Cine y (m)paternidad: ‘El castillo de cristal’

Si uno se asomase a El castillo de Cristal sin saber nada sobre esta película indie que de vez en cuando, por su estética, nos recuerda a Pequeña Miss Sunshine, y otras veces, por su temática, aunque salvando las distancias, a Captain Fantastic, pensaría que la historia ha salido de la imaginación febril de un guionista. Pero no, está basada en hechos reales, concretamente en la vida de la periodista y escritora norteamericana Jeannette Walls, cuyas memorias son el punto de partida del film dirigido por Destin Cretton.

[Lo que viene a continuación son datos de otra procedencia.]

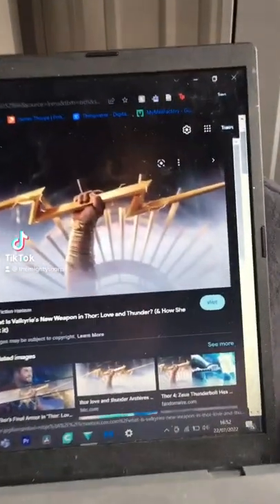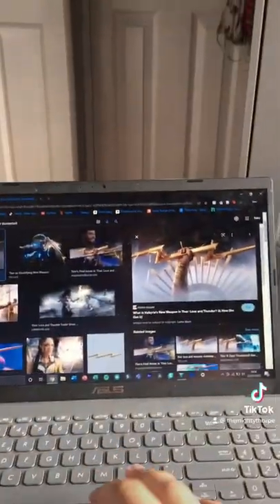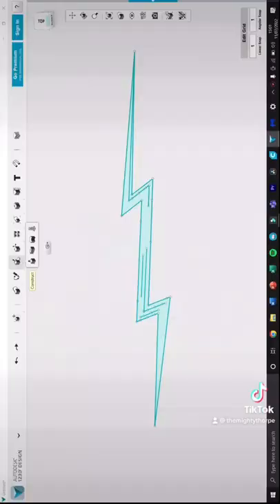I'm still living off the hype from Thor Love and Thunder, so today I made Zeus's Thunderbolt, and I designed it myself — and here's how I did it.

A la Jeannette Walls ya adulta que busca su sitio en el mundo, una estabilidad, un hogar a cualquier precio, incluso al de sus principios, a cuyo calor poder acudir tras una infancia turbulenta, nómada, sin hogar fijo, da vida Brie Larson. Y a sus padres, cabezas de una familia desestructurada, los excepcionales Naomi Watts y Woody Harrelson (cuánto bien ha hecho True detective al cine). Ella una excéntrica madre que prioriza su trabajo como pintora-artista a sus hijos, sometida en cierto modo a los arranques de ira y de genialidad de él, alcohólico, ángel y demonio al mismo tiempo, capaz de conquistarte con una frase genial y llena de ternura, para someter un instante después a su hija a una cuanto menos discutible “clase de natación” en una escena durísima y que te remueve en el sofá.

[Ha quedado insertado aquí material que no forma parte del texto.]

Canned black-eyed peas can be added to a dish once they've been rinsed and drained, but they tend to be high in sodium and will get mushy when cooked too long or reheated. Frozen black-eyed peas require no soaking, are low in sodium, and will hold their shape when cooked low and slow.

En mitad de esa dicotomía, de esos padres atípicos, tan pronto entrañables como patéticos y odiosos un segundo después, que han decidido hacerle un pulso a las convenciones, al capitalismo y a la vida en la ciudad (“Los ricos de la ciudad viven en pisos bonitos, pero hay tanta contaminación que no pueden ver las estrellas. Habría que estar locos para querer cambiarse por ellos”) para vivir como nómadas, siempre huyendo, crecen cuatro hermanos que desde muy pequeños tienen claro su objetivo: huir. Quizás porque desde bien pronto se dan cuenta de que su estilo de vida solo es una aventura en la imaginación de su progenitor; y de que el castillo de cristal que su padre sueña con construir, el que sería su hogar, no es más que un delirio, una utopía, unos dibujos y unos planos trazados entre borrachera y borrachera para aferrarse a una infancia y una felicidad robadas.

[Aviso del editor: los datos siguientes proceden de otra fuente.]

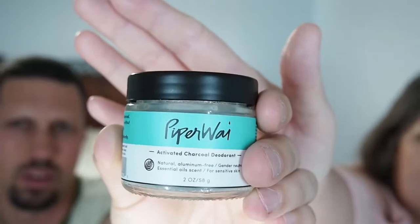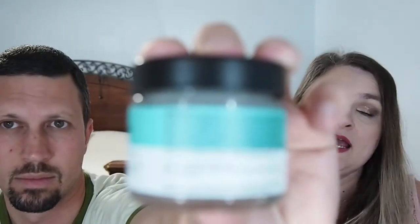Today we are going to be talking about Piper Y. We saw this on Shark Tank back in January. It's a natural deodorant that uses activated charcoal and sodium bicarbonate — baking soda — along with a lot of botanical oils and essential oils and stuff like that. It is a long list of ingredients.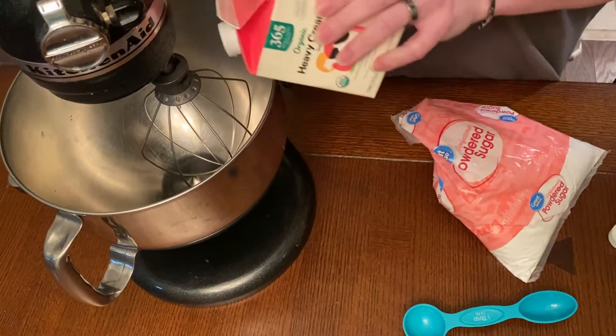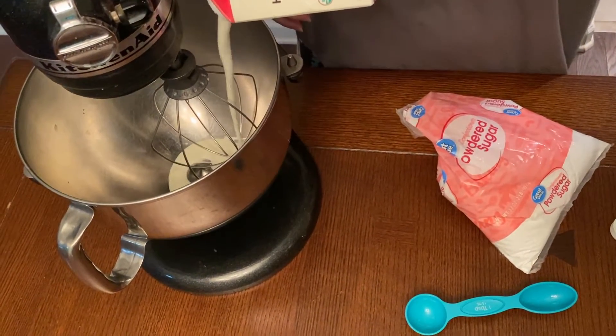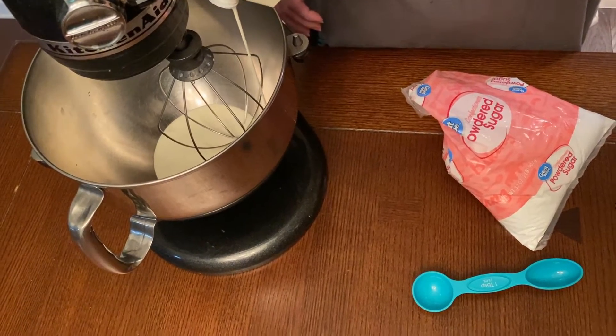Today we're going to be making a sweetened whipped cream, or a Chantilly cream. All you need for it is heavy whipping cream, confectioner sugar, and a way to mix it.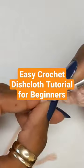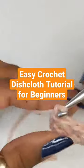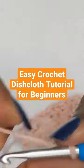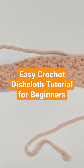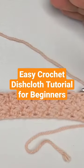Into the last stitch, we're making the single crochet, chain one and turn. What you're going to do is continue to work this pattern back and forth, back and forth until the dishcloth is complete.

Filmada a modo de road movie, los continuos saltos temporales nos permiten conocer el drama que atormenta al padre de Jeannette Walls, un genio que ahoga en alcohol los recuerdos de su oscura infancia (otra escena dura, que remueve, la de la abuela con el nieto, que en cierto modo lo explica todo), inundando, posiblemente sin quererlo y sin saberlo, la de sus hijos; disfrutar de una actriz prodigiosa, Ella Anderson (Jeannette Walls niña), que a sus 12 años se come la pantalla en cada una de sus escenas junto a Woody Harrelson, llenas de diálogos memorables entre un padre y su hija predilecta que bien valen el precio de una entrada; y sentir de la mano de los protagonistas el sentimiento de amor-odio de unos hijos hacia sus padres, la vergüenza ajena, la complejidad de las relaciones paterno-filiales, pero también el reconocimiento, el perdón y la reconciliación con un pasado familiar que nunca es blanco o negro, sino que siempre está lleno de matices.